I am currently working on creating a Rocky Linux 8 image managed by the packer-maas Git repository. I have successfully built and uploaded the image to the controller (or so I believe). However, during the deployment process, curtin performs actions contrary to my intentions. Specifically, it calls netplan for Rocky Linux, and upon failure, it results in a deployment failure state. I believe that netplan is not necessary in this situation.

start: cmd-install/stage-late/98-validate-custom-image-has-cloud-init/cmd-in-target: curtin command in-target
Running command ['mount', '--bind', '/dev', '/tmp/tmpvoo1465l/target/dev'] with allowed return codes [0] (capture=False)

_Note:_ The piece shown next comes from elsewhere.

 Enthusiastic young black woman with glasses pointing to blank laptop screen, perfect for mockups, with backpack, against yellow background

Running command ['mount', '--bind', '/proc', '/tmp/tmpvoo1465l/target/proc'] with allowed return codes [0] (capture=False)
Running command ['mount', '--bind', '/run', '/tmp/tmpvoo1465l/target/run'] with allowed return codes [0] (capture=False)

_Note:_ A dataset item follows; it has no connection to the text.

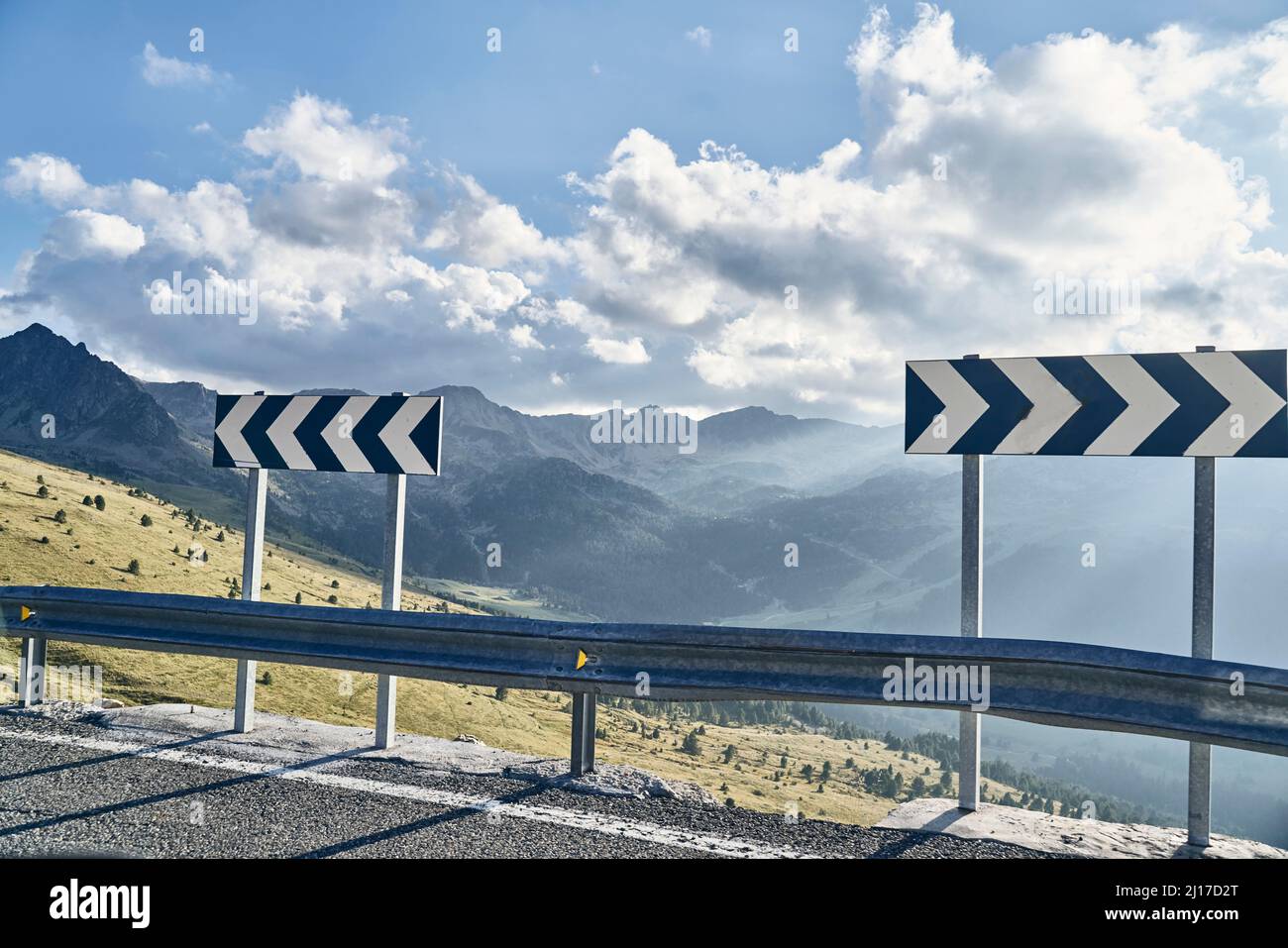 Route de montagne avec flèche de circulation le jour ensoleillé Banque D'Images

Running command ['mount', '--bind', '/sys', '/tmp/tmpvoo1465l/target/sys'] with allowed return codes [0] (capture=False)
Running command ['unshare', '--help'] with allowed return codes [0] (capture=True)
Running command ['unshare', '--fork', '--pid', '--', 'chroot', '/tmp/tmpvoo1465l/target', 'bash', '-c', 'cloud-init --version || (echo "cloud-init not detected, MAAS will not be able to configure this machine properly" && exit 1)'] with allowed return codes [0] (capture=False)
/usr/bin/cloud-init 23.4-7.el8_10.3.0.1
Running command ['udevadm', 'settle'] with allowed return codes [0] (capture=False)
TIMED subp(['udevadm', 'settle']): 0.003
Running command ['mount', '--make-private', '/tmp/tmpvoo1465l/target/sys'] with allowed return codes [0] (capture=False)
Running command ['umount', '/tmp/tmpvoo1465l/target/sys'] with allowed return codes [0] (capture=False)
Running command ['mount', '--make-private', '/tmp/tmpvoo1465l/target/run'] with allowed return codes [0] (capture=False)
Running command ['umount', '/tmp/tmpvoo1465l/target/run'] with allowed return codes [0] (capture=False)
Running command ['mount', '--make-private', '/tmp/tmpvoo1465l/target/proc'] with allowed return codes [0] (capture=False)
Running command ['umount', '/tmp/tmpvoo1465l/target/proc'] with allowed return codes [0] (capture=False)
Running command ['mount', '--make-private', '/tmp/tmpvoo1465l/target/dev'] with allowed return codes [0] (capture=False)
Running command ['umount', '/tmp/tmpvoo1465l/target/dev'] with allowed return codes [0] (capture=False)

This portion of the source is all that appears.